The company also hit more than $2 billion in what it calls net ride value for the first time in its history, on a run-rate basis. Net ride value — not to be confused with Lyft’s revenue — is the amount passengers pay without accounting for tips and tolls. Lyft takes anywhere from 20 to 25 percent of the fare, which means the company’s run-rate revenue for the year is between $400 million and $500 million.
The company also saw a 14 percent increase month over month in trips that were not subsidized or otherwise paid for using coupons or credits. In July, 11.4 million of the 14 million rides the company performed in total were not subsidized, or 81 percent.
Lyft also hit another milestone: It saw more than three million monthly active passengers, up from two million in February 2016. In that same month, the company added 825,000 new passengers and 50,000 new drivers to the platform.
“Lyft attracted the largest number of new passengers and drivers in a single month, as well as the highest number of active passengers and drivers since inception,” the document reads.
The leaked document comes at a time when the company is under pressure to sell right after Uber sold its China operations to homegrown competitor Didi.
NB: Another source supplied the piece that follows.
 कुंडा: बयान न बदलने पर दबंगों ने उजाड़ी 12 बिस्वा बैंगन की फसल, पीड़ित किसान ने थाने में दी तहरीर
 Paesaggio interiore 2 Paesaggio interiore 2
The two companies have essentially agreed to operate a monopoly in China after years of battling for customers and riders through price enticements that made it hard to turn profit.
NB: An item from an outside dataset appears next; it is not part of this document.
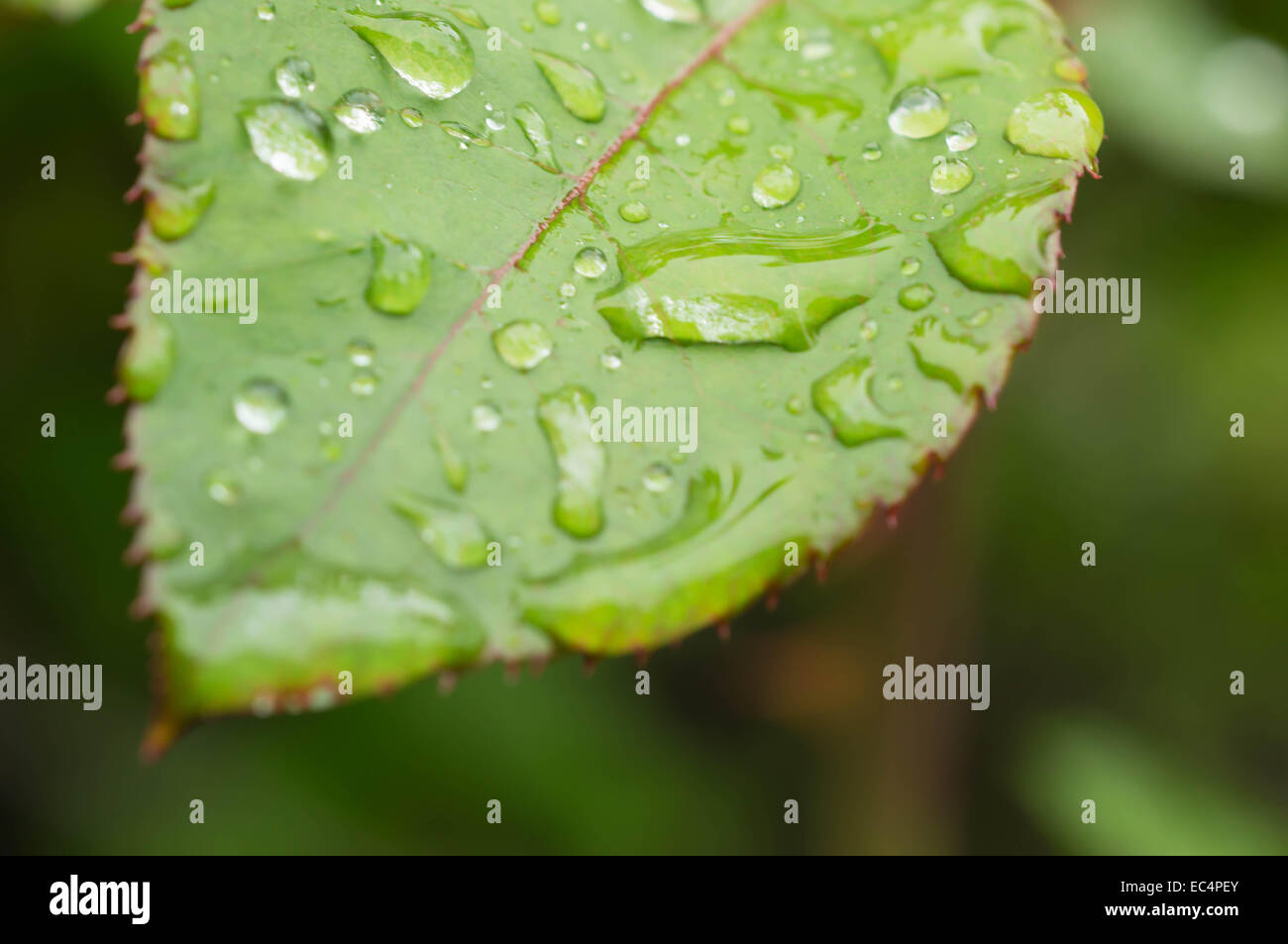Water drops on a green leaf close up Stock Photo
Market dominance is more important than ever as ride-hailing startups look to turn a profit. Uber is likely to seek an IPO next year, and Lyft will have to find a buyer to help it better compete.
As for its financials, while the letter did not go into specific figures, Lyft executives wrote that the company’s 2015 GAAP revenue increased 6.3x year over year. Previously leaked investor presentations reported by Bloomberg show that the company expected to report $796 million in revenue in 2015 for a 512 percent increase, which matches up with the latest document. (The company defines GAAP revenue to include money that will be paid out to drivers, according to the Bloomberg report.)
“During the first six months of 2016, Lyft exceeded the Company’s full year 2015 operating results for ride volume, Net Ride Value and GAAP revenue,” the document reads. “The Company remained under the Board approved budget during the first six months of 2016.”
While the company saw significant growth — a month-to-month increase of 1.5 million rides is nothing to sneeze at — the figures still position Lyft far behind its competitor, Uber.
Lyft now performs at least 250,000 rides per month in 17 markets. That was only the case in three markets the year prior. Uber, on the other hand, hit its 100 millionth ride just in New York City on Monday evening. Now that the company has unloaded its China business, Uber is freed up to refocus on some of its other priorities: India, its self-driving efforts, UberPool and the U.S.
The company has hired Qatalyst Partners to explore potential acquisition offers, and it is under added pressure to show that its growth rate justifies its spending. But one source told The Wall Street Journal that the company is burning $50 million a month and another said that the company posted an operating loss of $360 million in 2015.
Though a chart included in the document indicates there was a dropoff in the number of rides performed between April and July, last month’s growth bodes well for the company. Now it’s up to Lyft to, at the very least, maintain that growth in rides while continuing to increase the number of unsubsidized rides the company performs.
A Lyft spokesperson said they were not providing comment at this time.